アメリカとは何か? 〜社会的分断のポリティクス〜
―Future Impact Forumより―

第2期トランプ政権が始まり、矢継ぎ早に大統領令が出されるなど、世界中の耳目がその動向に集まっています。政治的熱狂の背後に見え隠れする自国中心的なアメリカの自画像は、どのようにつくられていったのか。今回のFuture Impact Forumでは、アメリカ史研究の第一人者である貴堂嘉之先生をお招きし、「アメリカとは何か?」というテーマのもと、多様な視点からお話しいただきました。
目次
アメリカが分断されていなかった時代はあるのか?
まず、「アメリカとは何か?」を語る上で重要な論点となる「分断と統合」について言及したいと思います。「アメリカ社会の分断の深刻化」という言説は、近年多くのメディアによってけん伝されてきました。分断、分断と繰り返すメディアに対して、アメリカ史の研究者界わいではよく「分断ビジネス」と皮肉を込めて言うことがあるほどです。

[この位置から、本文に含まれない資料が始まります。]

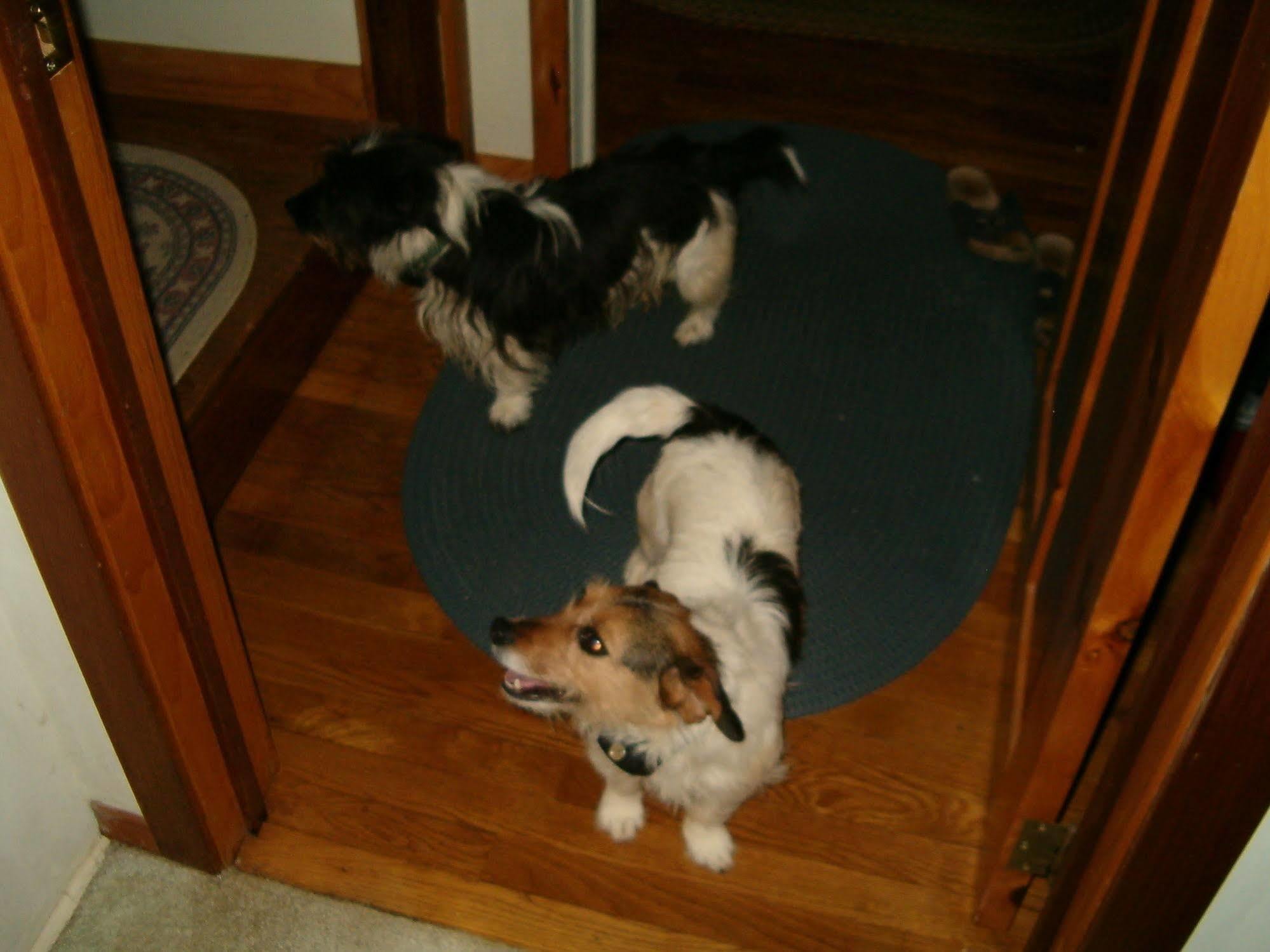 Ebenezer House Bed & Breakfast Burtonsville Esterno foto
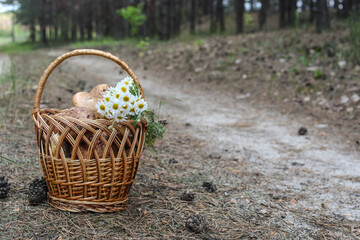 Fototapeta na wymiar wicker basket with mushrooms and daisies on the background of the road and forest landscape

そもそも、アメリカが分断されていなかった時代はあるのか?という問いを投げかけてみたいと思います。歴史的見地に立つと最初は東海岸の13植民地が独立して国をつくりますが、実はそれぞれの植民地は自主独立の気風が強く、一つの国になること自体が奇跡であったという事実が見えてきます。また、19世紀の領土拡張時代には自由州と奴隷州という形で二つに分断されていました。南北戦争という未曽有の内戦で、本当に国を二分するような危機を迎え、62万人もの戦死者を出し、ようやく分断を免れたわけですが、その後も南北の分断は続いて今日に至ります。南部社会は、南軍の英雄であるリー将軍などを顕彰しながら、南部の人種隔離社会を正当化してレイシズムを温存、独自の地域社会を形成するなど、南北戦争以前からの分断は今も継続中とするのが私を含めた専門家たちの見解です。
アメリカの統合的な歴史像は理念的なもの
次に、統合的なアメリカ像に関しても注意が必要です。2004年の民主党大会におけるオバマの有名な演説に「一つのアメリカ」※1があります。リベラル陣営はこうした統合的なアメリカ像を実存のものとして語る傾向がありますが、それは間違いで、統合的な歴史像とは常に理念的、予定調和的なものであることを強調したい。ここで、一つのキーワードとして「アメリカ例外主義」という言葉が浮かびます。意味としては、人類の歴史(世界史)においてアメリカのみが、神の恩恵により人類社会を統べる法則の外にあり、ほかの国民国家とは異なった特別な使命を背負ったユニークで例外的な発展の道程をたどってきたとする信条、とでも言いましょうか。これが、「丘の上の街」※2や「自由と平等の国」、「機会の平等」、「アメリカの夢」など、理想郷としてのアメリカ像や西部開拓の歴史の正当化に用いられてきました。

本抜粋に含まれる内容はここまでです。